Sir Simon Rattle must be the only man in Harlem to still wear an afro. In a church hall on 121st Street in Manhattan, just a couple of blocks from the historic thoroughfare of Amsterdam Avenue, the celebrated conductor is bouncing his baton to the beats of Duke Ellington's "Take the A-Train". As the swinging music fills the hall, and the spirit of the moment takes him, Rattle's trademark grey cumulo-nimbus of a hair-do bounces along with the rhythm too. Although this is only a rehearsal for the following night's concert at Carnegie Hall, both Rattle and the musicians he is leading - the 82 members of the Orchestra of St Luke's, plus a posse of nine eminent jazz soloists - appear quite transported by the experience. Clearly, this is no ordinary gig.

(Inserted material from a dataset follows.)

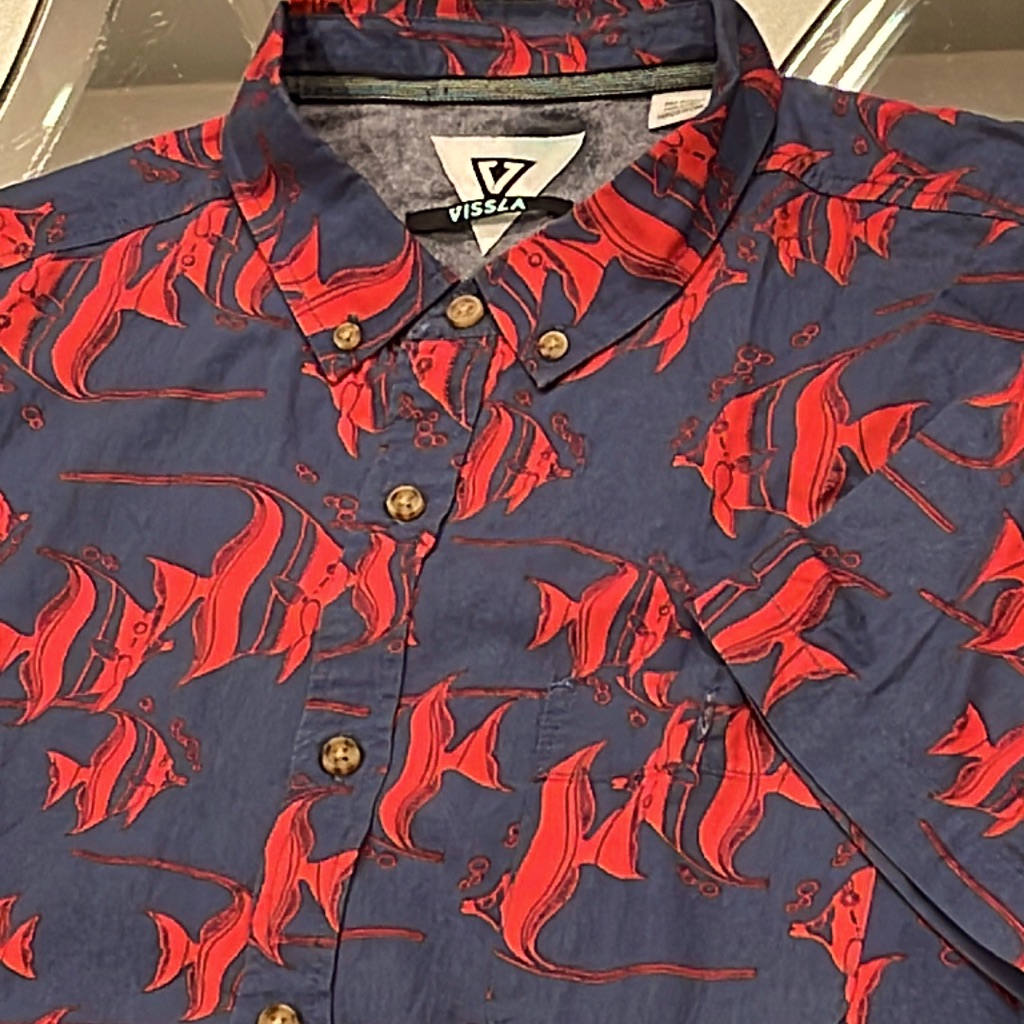 Immersive Vissla Gray And Red Short Sleeve Button Down Shirt Size M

As the musicians continue their work, you can't help noticing the slight, elegant, figure of a grey-haired old man dressed in a natty, earth-toned, collarless suit, with a string of conch-shell jewellery around his neck. The old man looks nervously about him as he passes through the ranks of musicians in search of a suitable resting place, eventually taking up a position next to the veteran jazz trumpeter Clark Terry, who is confined to a wheelchair. It's Luther Henderson, the orchestrator of the music Sir Simon and the band are rehearsing for the next night's concert of "Classic Ellington"; a New York showcase to launch the release of the new EMI album of the same name. A pianist and musical director, as well as a composer and arranger on Broadway for more than five decades, Henderson is not just the arranger here; he's probably the reason why the project is happening in the first place. As the uncle of Sir Simon's American screenwriter wife, Candace Allen, Henderson is now part of the Rattle clan.

"This is family", Sir Simon said immediately after the rehearsal, when he, Henderson, and one of the jazz stars, saxophonist Joe Lovano, gathered for a press conference in an adjoining room. Rattle's tone revealed that he knew the remark sounded like a line from The Sopranos, but also that this shouldn't detract from the seriousness of the relationship.

"My father started off as a jazz musician but he was advised by Joe Loss, the bandleader: 'Look, young Dennis, jazz is difficult for a white British musician'", Rattle told us. "He took me to see Duke Ellington in Liverpool for the first time when I was aged seven -at five I was too young to go and see Lena Horne (this with a nod to Luther Henderson, who would have been accompanying Horne on the gig), and I grew up wanting to be a jazz drummer. My dad was a little depressed when I crossed over to what he saw as the other side." Rattle is most persuasive, however, when he talks about the business of an orchestra playing jazz, and how this relates to other parts of the repertoire, especially the equally pulse-led music of the baroque era. "Just as we expect the orchestra to play Rameau, we also expect them to play Ellington", he says. "It all belongs in the same box, and the labels really don't help. When it's music with a pulse, once you find that pulse, it carries an incredibly heavy weight, and when you've got that gait right, everything follows. Like baroque music, you play the dissonance more than the resolution. The only other composer who writes like Ellington is Rameau."

When it came, the Carnegie Hall concert last Thursday night was, perhaps predictably, a gala occasion in which the emotions of the audience - which included a number of old Ellingtonians - were played like a particularly responsive violin. At the end, standing ovations accompanied a distribution of bouquets so extravagant that you half-expected to get one yourself. Sir Simon pointed the audience in the direction of Uncle Luther, looking shy up high in a box and everyone went wild. Now all he has to do is make the Berlin Phil swing.